→ **Work to complete**
Copy out the data below from the line containing "Omega Speedmaster Date" to the line containing "DUKINO 2x6 Runner", both lines included, with all images left out.

Stored dataset items:
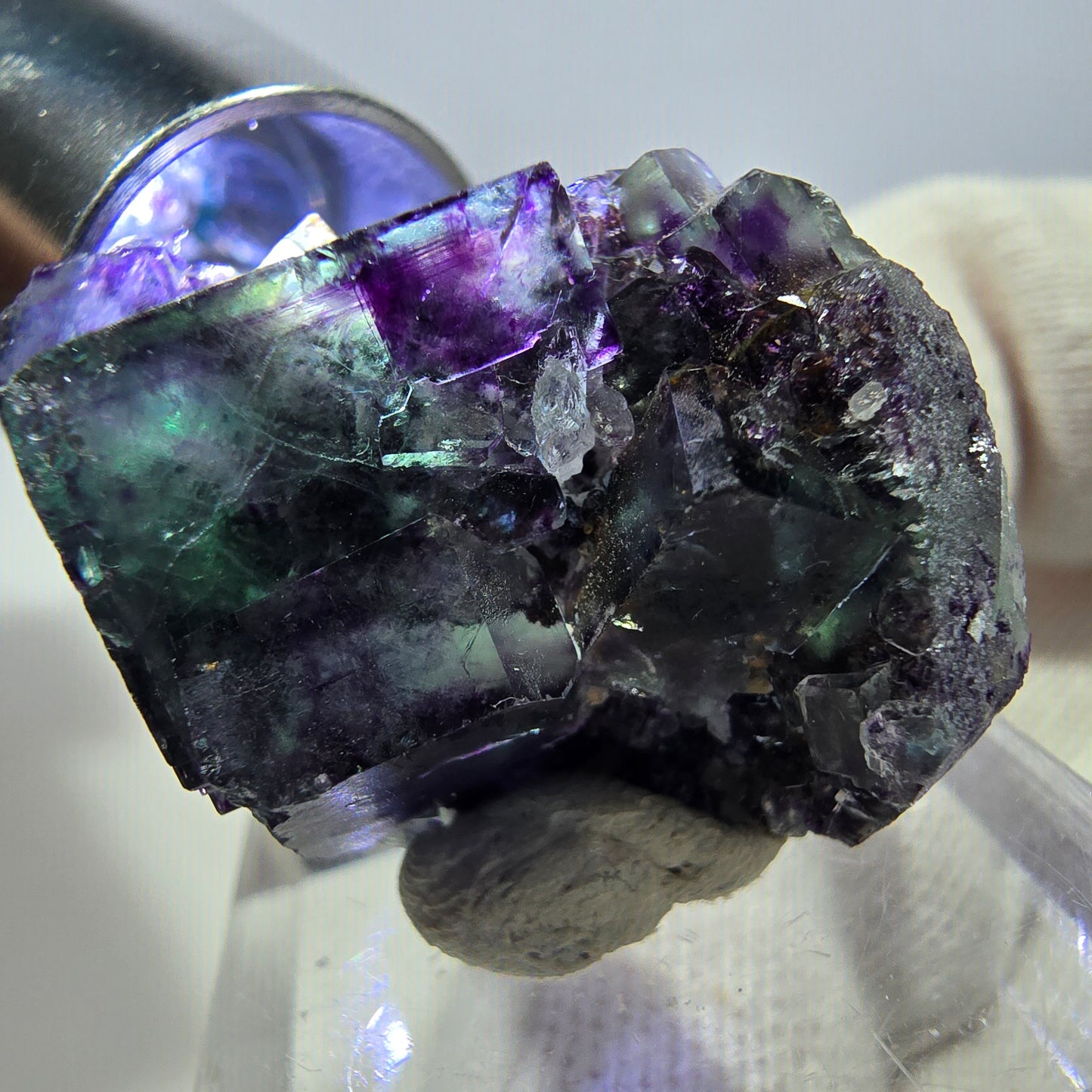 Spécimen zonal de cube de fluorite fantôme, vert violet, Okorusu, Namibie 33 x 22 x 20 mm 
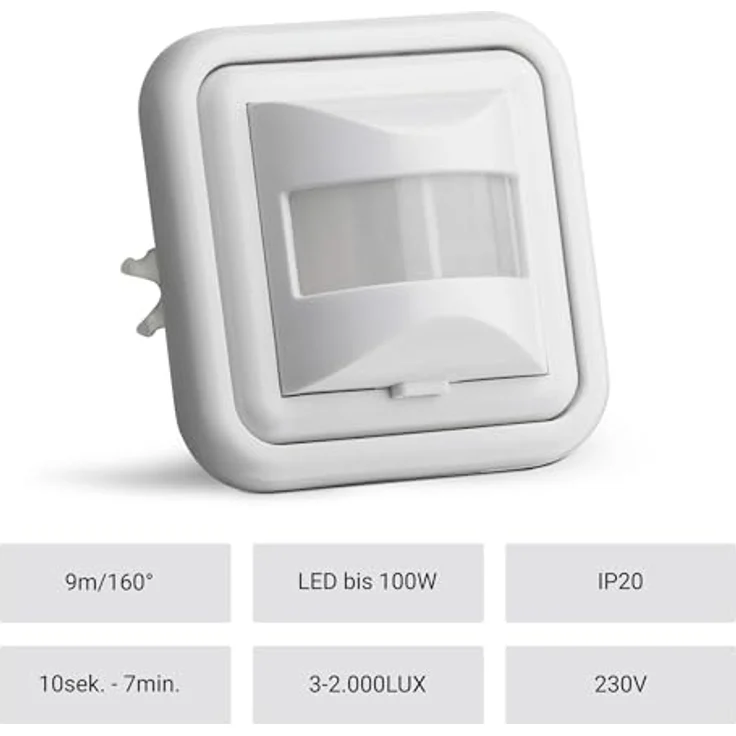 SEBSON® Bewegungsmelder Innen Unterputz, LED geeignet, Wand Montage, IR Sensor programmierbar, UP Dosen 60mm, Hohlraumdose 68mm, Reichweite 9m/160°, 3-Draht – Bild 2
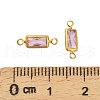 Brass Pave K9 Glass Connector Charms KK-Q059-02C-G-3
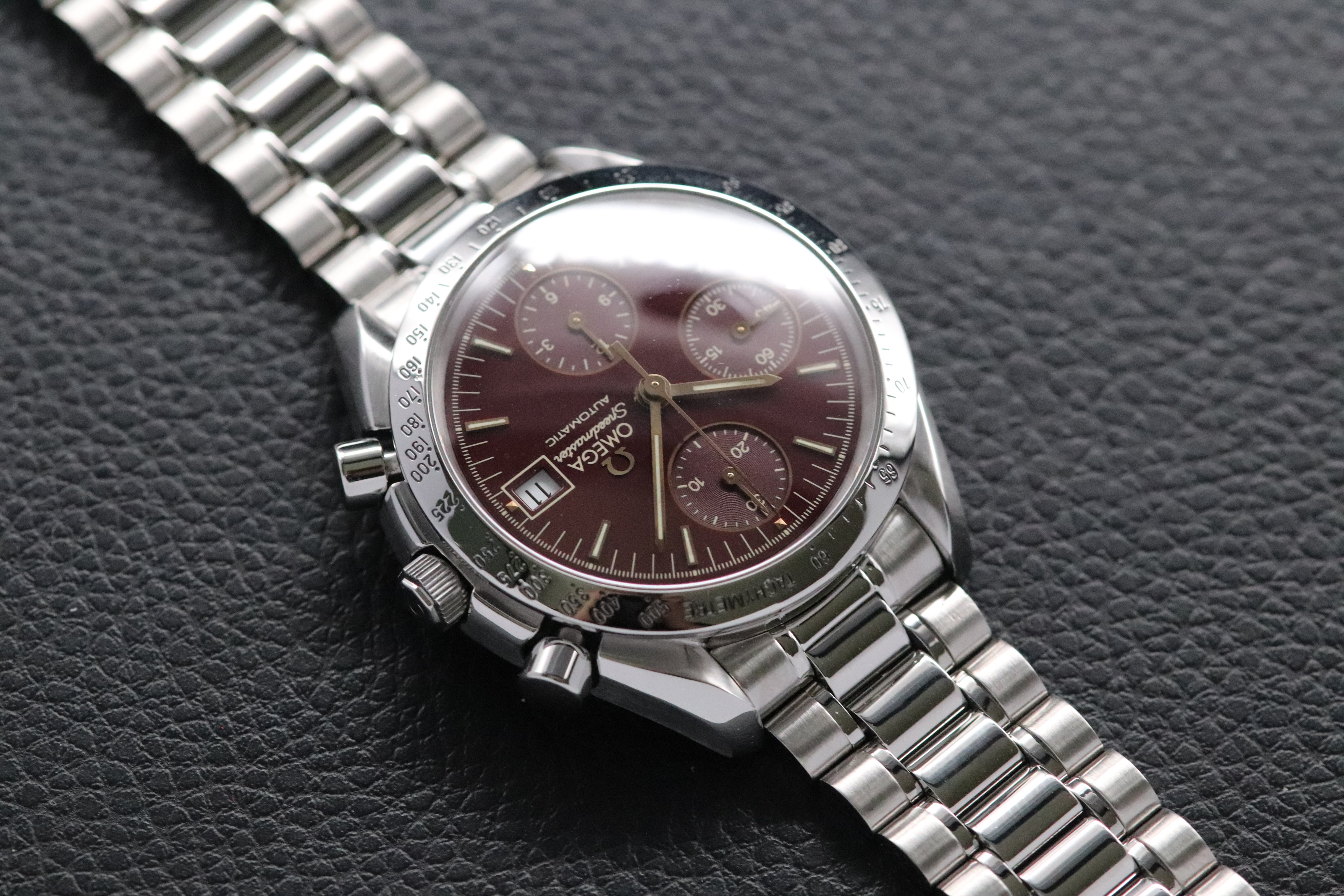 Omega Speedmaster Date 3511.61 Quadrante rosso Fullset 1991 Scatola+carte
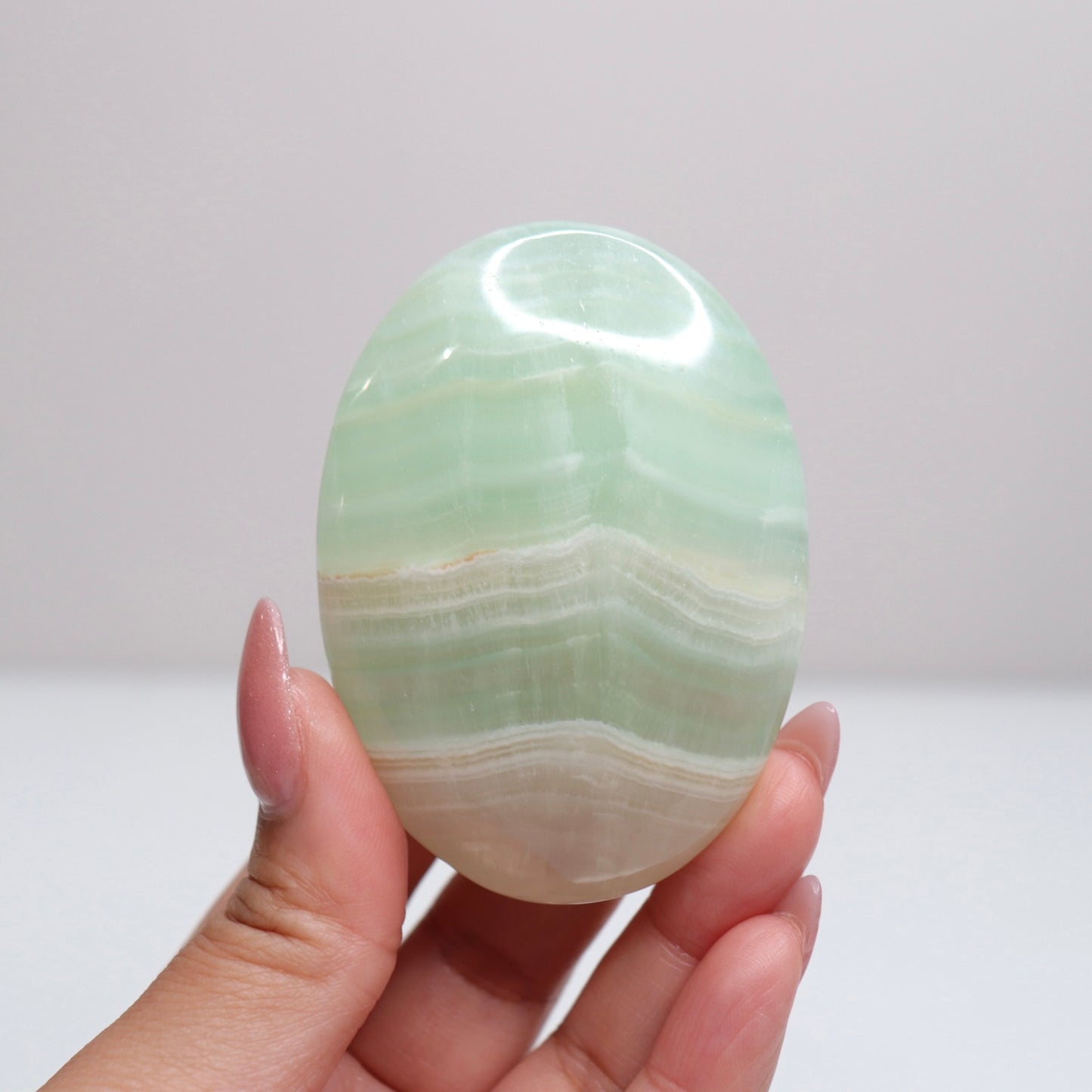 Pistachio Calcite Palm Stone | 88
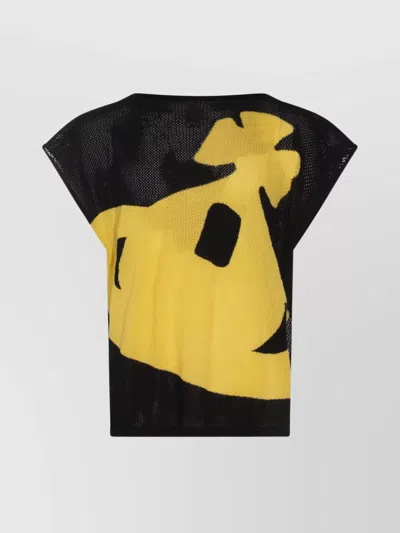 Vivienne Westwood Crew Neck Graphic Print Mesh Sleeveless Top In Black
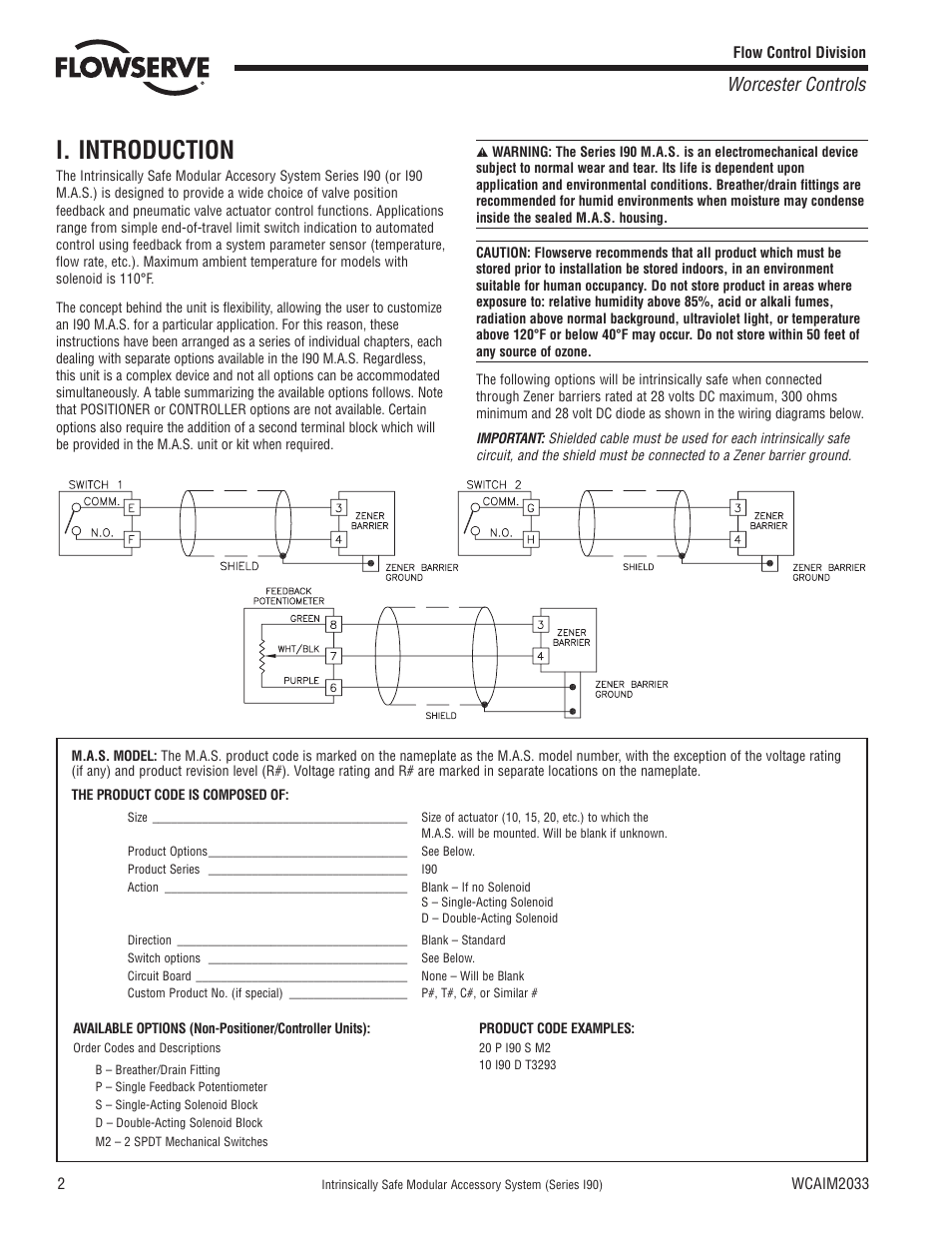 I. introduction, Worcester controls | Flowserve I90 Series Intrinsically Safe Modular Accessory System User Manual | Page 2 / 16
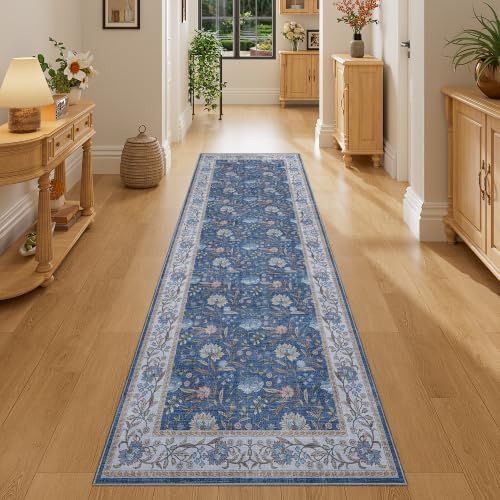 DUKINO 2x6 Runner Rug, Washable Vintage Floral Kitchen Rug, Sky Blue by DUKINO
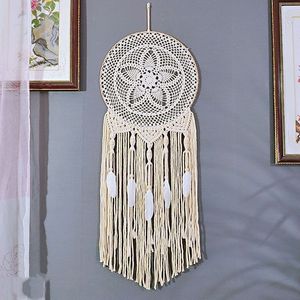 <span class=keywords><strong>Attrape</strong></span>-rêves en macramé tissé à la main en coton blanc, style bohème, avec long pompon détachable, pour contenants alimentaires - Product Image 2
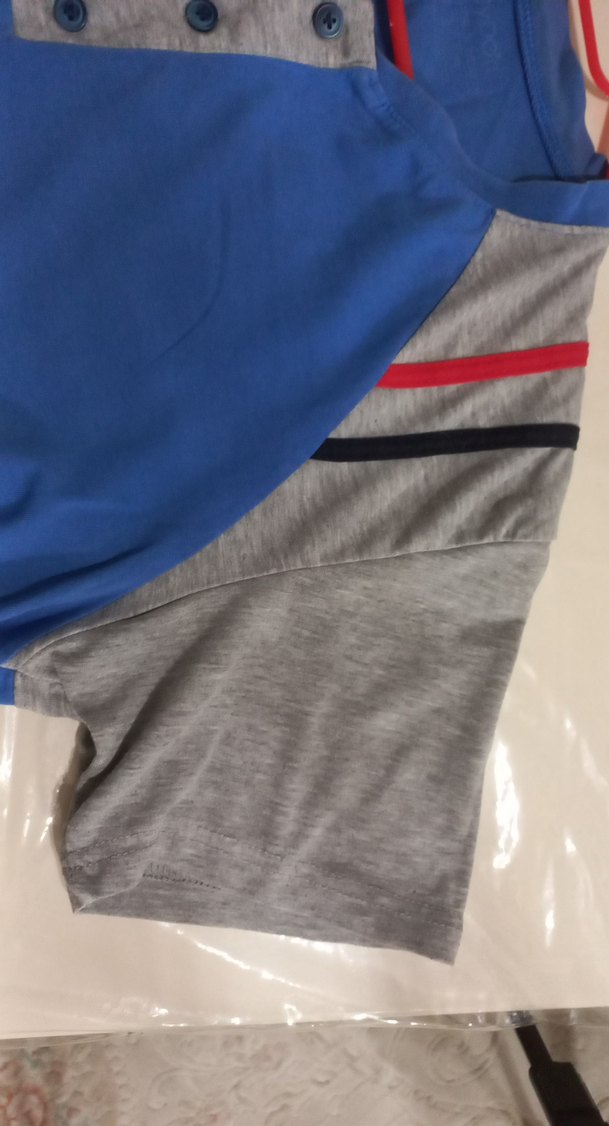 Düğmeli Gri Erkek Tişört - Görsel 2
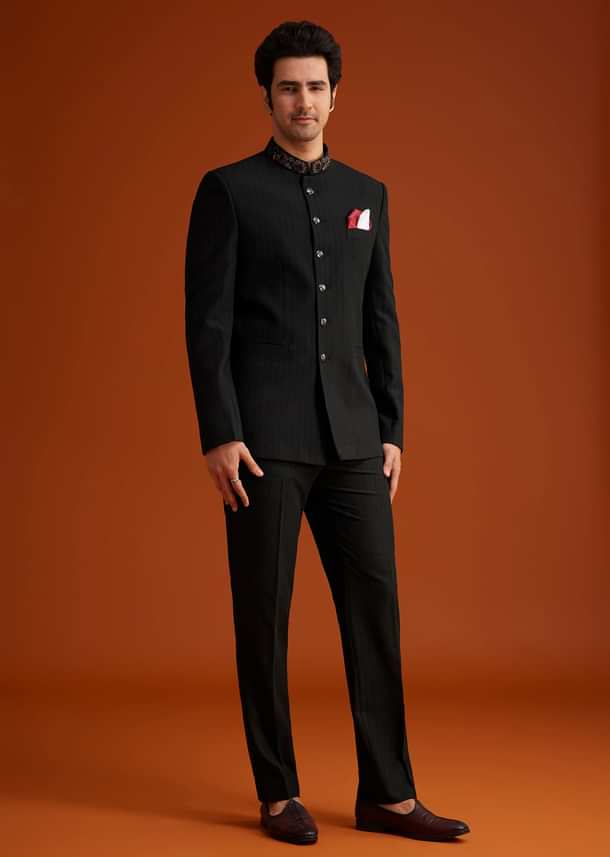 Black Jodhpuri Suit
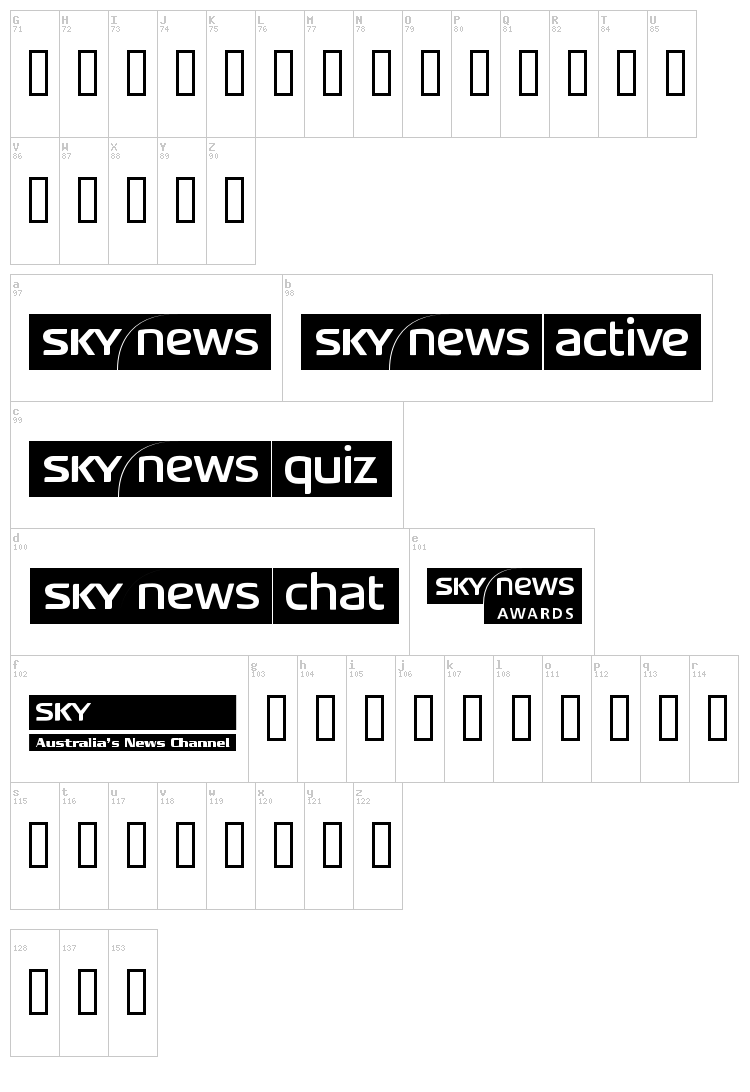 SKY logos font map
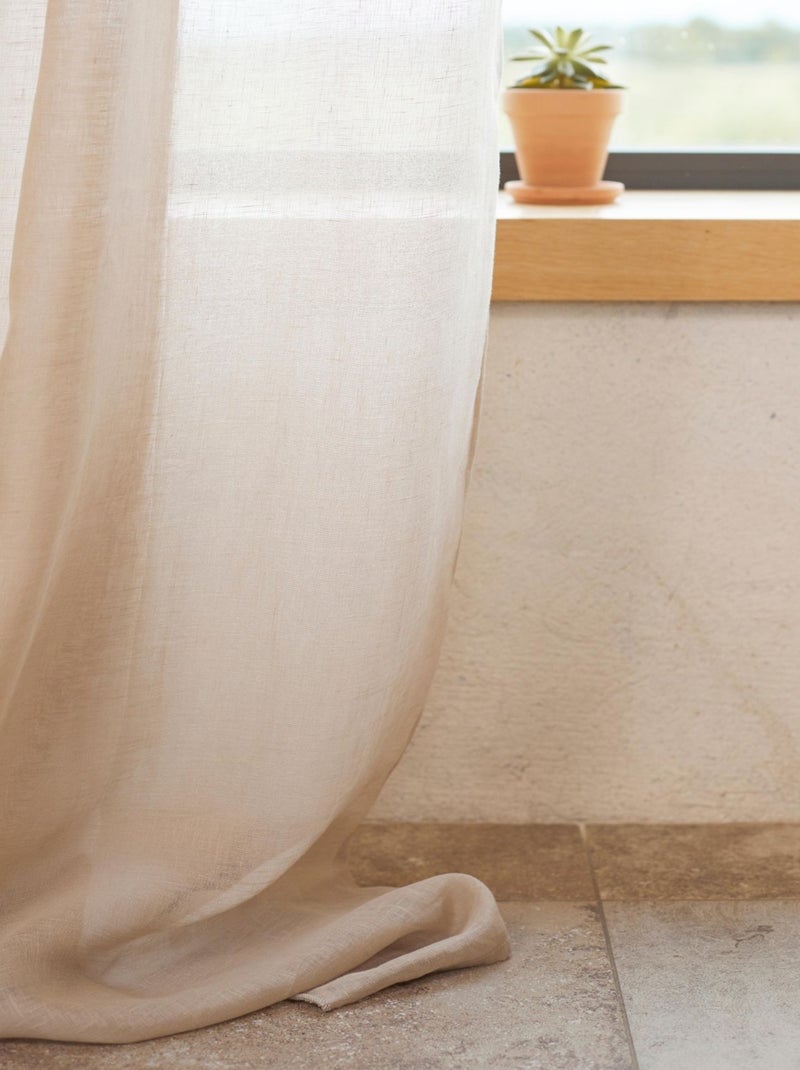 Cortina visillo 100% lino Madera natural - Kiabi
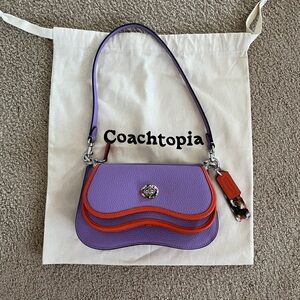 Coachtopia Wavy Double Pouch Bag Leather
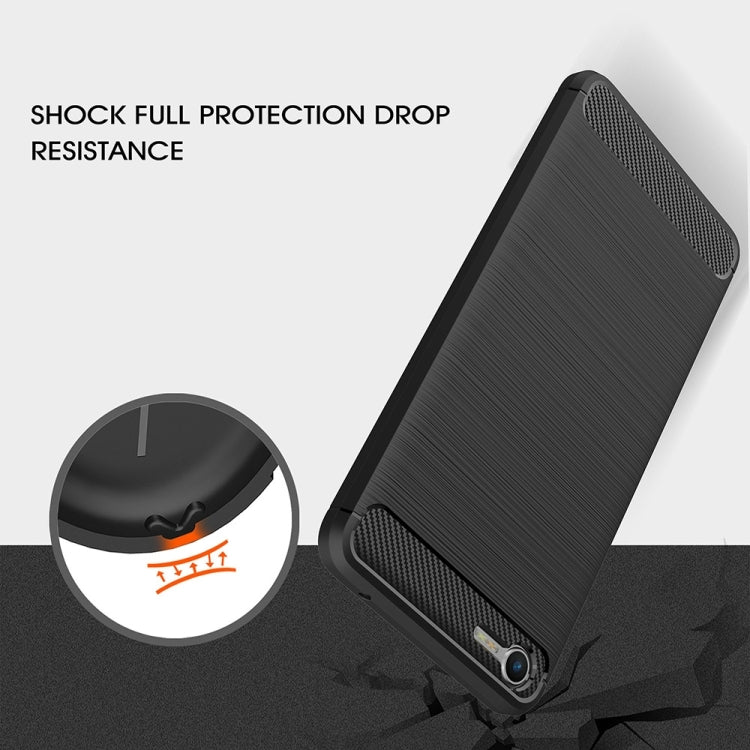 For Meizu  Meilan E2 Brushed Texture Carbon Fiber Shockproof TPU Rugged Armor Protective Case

→ **Solution**
 Omega Speedmaster Date 3511.61 Quadrante rosso Fullset 1991 Scatola+carte
 Pistachio Calcite Palm Stone | 88
 Vivienne Westwood Crew Neck Graphic Print Mesh Sleeveless Top In Black
 I. introduction, Worcester controls | Flowserve I90 Series Intrinsically Safe Modular Accessory System User Manual | Page 2 / 16
 DUKINO 2x6 Runner Rug, Washable Vintage Floral Kitchen Rug, Sky Blue by DUKINO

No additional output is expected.